Un rischio paventato dai giovani di Coldiretti, che stanno raccogliendo firme nell’ambito della campagna nazionale del sindacato di categoria contro i “pannelli solari mangia suolo”, per combattere il rischio idrogeologico di fronte ai cambiamenti climatici e spingere invece il fotovoltaico pulito ed ecosostenibile sui tetti di stalle, cascine, magazzini, fienili, laboratori di trasformazione e strutture agricole.
“Destinando i suoli agricoli al fotovoltaico non ci saranno più terreni da coltivare accelerando di fatto la perdita della biodiversità che rende unica la nostra regione e il nostro Paese – spiega il leader dei giovani agricoltori di Coldiretti Abruzzo, Giuseppe Scorrano – come giovani agricoltori sosteniamo e promuoviamo ogni giorno l’innovazione tecnologica sostenibile, ma siamo anche convinti che il suolo vocato all’agricoltura appartiene agli agricoltori e la multifunzionalità energetica va sviluppata come attività integrata alla coltivazione e all’allevamento sino a un massimo del 5% della superficie da realizzare direttamente dagli agricoltori e in aree marginali”.
“In Abruzzo – aggiunge Scorrano – ci sono terreni non destinati all’agricoltura che potrebbero essere messi a valore con il fotovoltaico. E’ assurdo utilizzare terreni fertili che già producono valore economico, sociale ed ambientale togliendo traiettorie di futuro alle nuove generazioni di agricoltori”.

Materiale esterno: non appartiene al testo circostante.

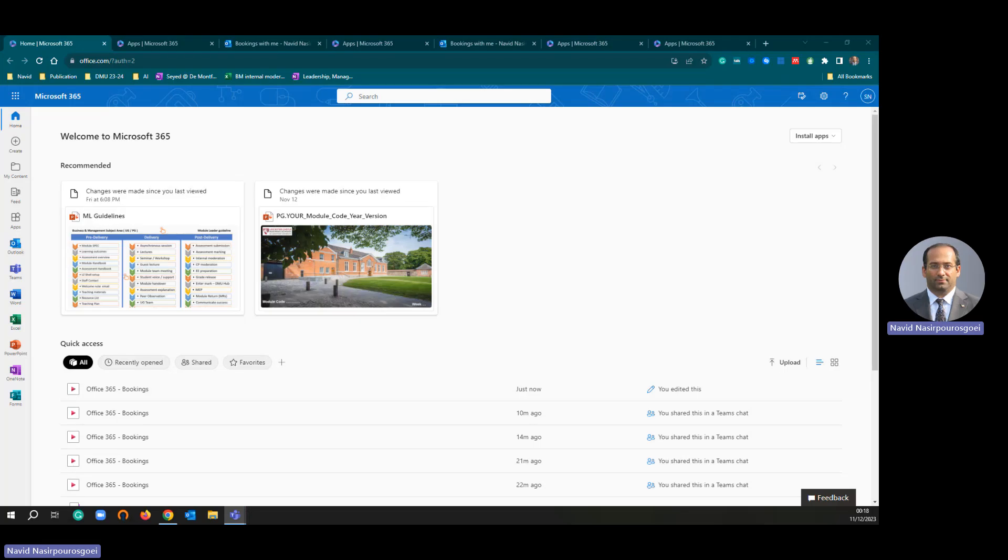Good morning. In this short video, I am going to show you how you can use Microsoft 365 Bookings application.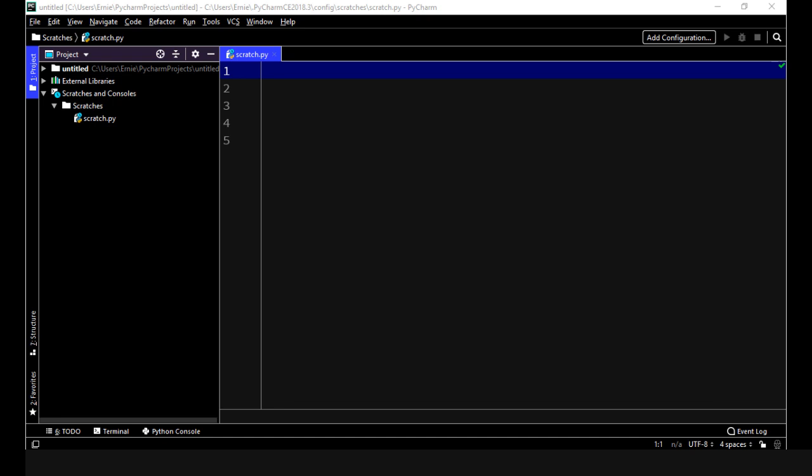So let's go ahead and define an integer variable and we're just going to assign a value of 19.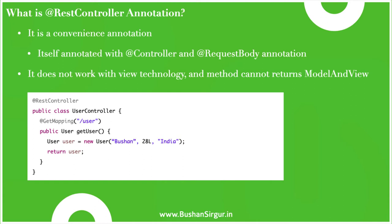Since it is annotated with the @RequestBody annotation, all the methods return JSON response. This annotation does not work with view technology, so the method cannot return ModelAndView. Here is the example. Let's understand with an example by creating a Spring Boot project.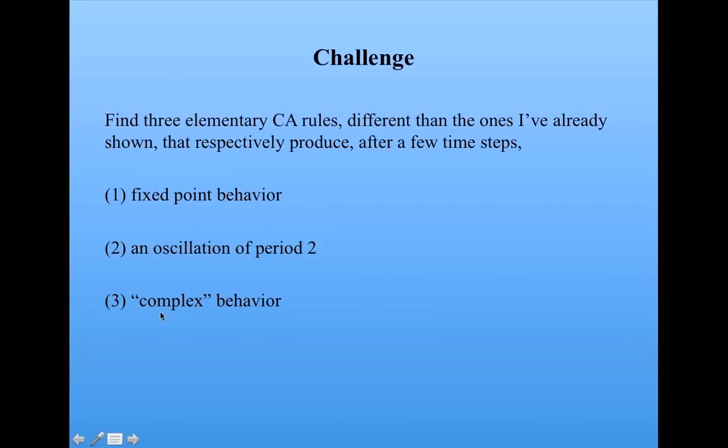And complex behavior. I'll leave you to be the judge of what complex behavior looks like. And there's many different answers to these. In the next video, I'll give a couple of examples. But first, you try it yourself.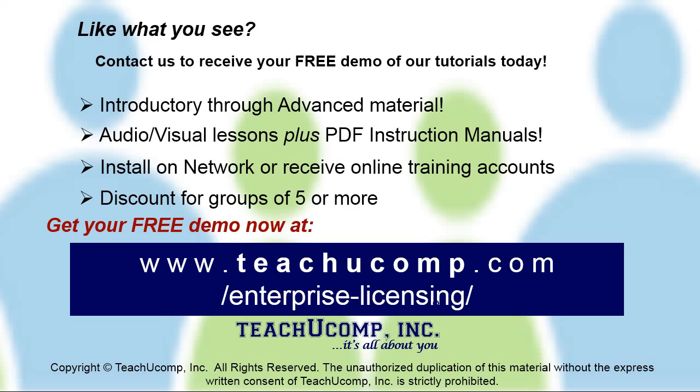Like what you see? Get a free demo of our training for groups of five or more at www.teachucomp.com/enterprise-licensing.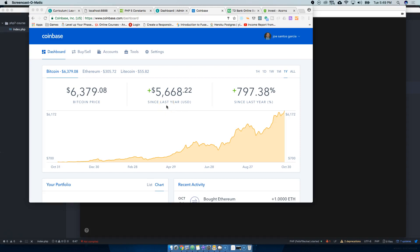You already know it's your boy Joe back at it again, codingphase.com. Let's talk about it. So today Bitcoin definitely broke the record and it's pretty high right now.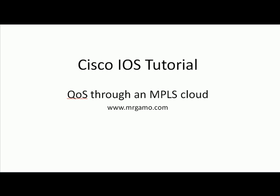Hey, this is Ryan and this is the first in a series of Cisco iOS tutorials. Today's topic is QoS through an MPLS cloud, that is Quality of Service through the MPLS cloud.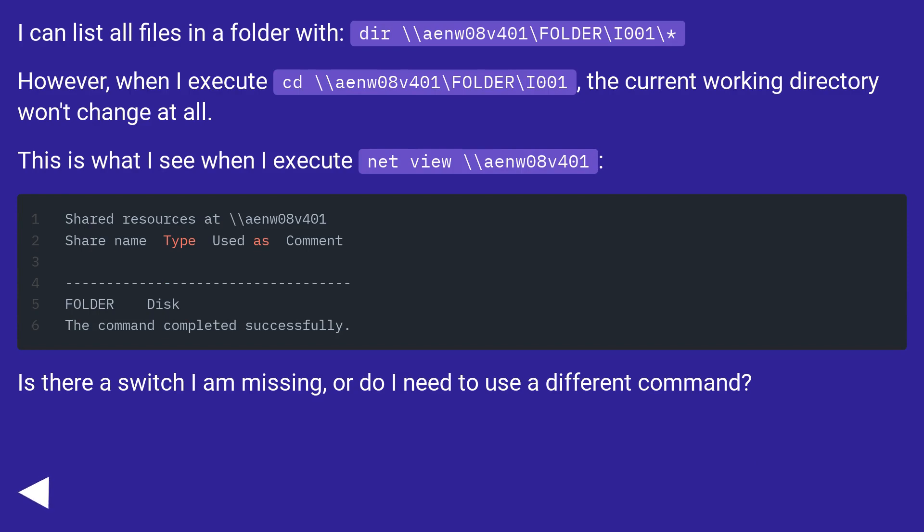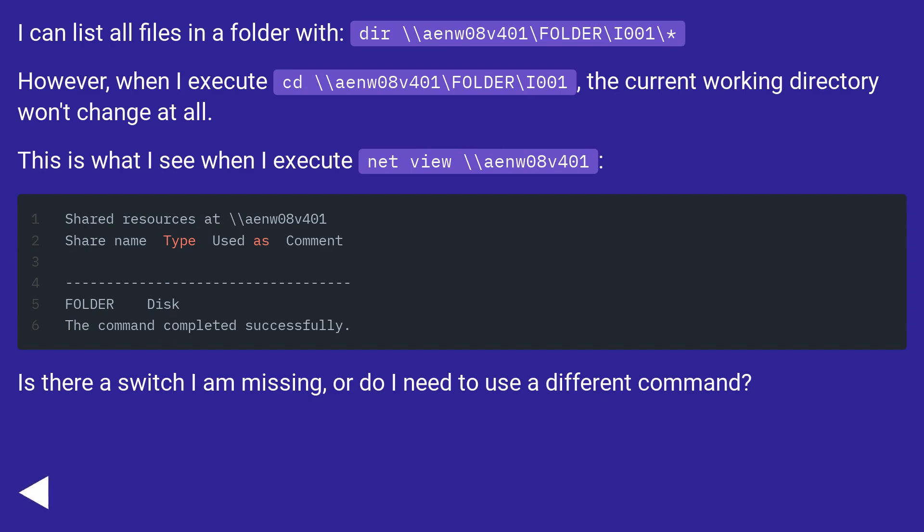I can list all files in a folder with dir \\aenm08v401\FOLDER\I001\. However, when I execute cd \\aenm08v401\FOLDER\I001, the current working directory won't change at all.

Sarebbe ancor più grave in una Regione come l’Abruzzo, che vanta un paesaggio agrario ancora non compromesso. Ma risulta, calcola lo stesso rapporto, la terza regione per occupazione della fascia costiera con il 36% del territorio antropizzato nei primi 300 metri dal mare. E ancora peggiore regione italiana per aumento di consumo di suolo tra il 2019 e il 2020, con altri 246 ettari consumati pari a 350 campi da calcio. E dove il 35,1% delle aree edificate e infrastrutture, ovvero 19.000 ettari, pari a 27.000 campi da calcio, sono situate in aree a rischio alluvione, il 12,6% a rischio frana.
Il fotovoltaico però potrebbe rappresentare una opportunità senza consumo di suolo, e lo stesso rapporto Ispra calcola che piuttosto che realizzare coperture fotovoltaiche per 200-400 chilometri quadrati di superficie, da qui fino al 2030, per centrare gli obiettivi di produzione di energia pulita, sarebbe possibile dotare i tetti delle abitazioni e degli stabili già esistenti di pannelli fotovoltaici che potrebbero produrre la quota di energia equivalente senza consumare i terreni.
“Ipotizzando che sul 10% dei tetti sia già installato un impianto – si legge nel rapporto -, si può concludere che sfruttando gli edifici disponibili ci sarebbe una potenza fotovoltaica compresa tra i 59 e i 77 GW, un quantitativo sufficiente a coprire l’aumento di energia rinnovabile previsto dal Piano nazionale integrato energia e clima (Pniec) al 2030”.
L’alternativa sarebbe quella di realizzare strutture di agrovoltaico per un totale di 2 GW, non posizionate direttamente al suolo ma su strutture rialzate posizionate sopra a porzioni di superficie agricola non utilizzata, ove si vorrebbe favorire di nuovo la coltivazione al di sotto degli impianti. La potenza realizzabile per ettaro dipende dal tipo di installazione con valori tra 0,3 e 0,8
MW per ciascun ettaro e una superficie occupata in un intervallo compreso tra 2.500 e 6.700 ettari. Il terreno sarebbe coltivato, ma il paesaggio devastato.
Un’altra stima sul possibile impatto in termini di occupazione di suolo agricolo per i nuovi impianti solari da realizzare entro il 2030 è fornita da Enel Green Power che prevede, solo per gli impianti di grandi dimensioni, una superficie che arriva fino a circa 400 km quadrati per 20 GW, a cui aggiungere ulteriori 10 GW per lo sviluppo di piccoli impianti fotovoltaici e 8 GW di nuovi impianti eolici. Solo per questi ultimi la stessa fonte prevede un consumo di suolo di altri 365 km quadrati entro il 2030.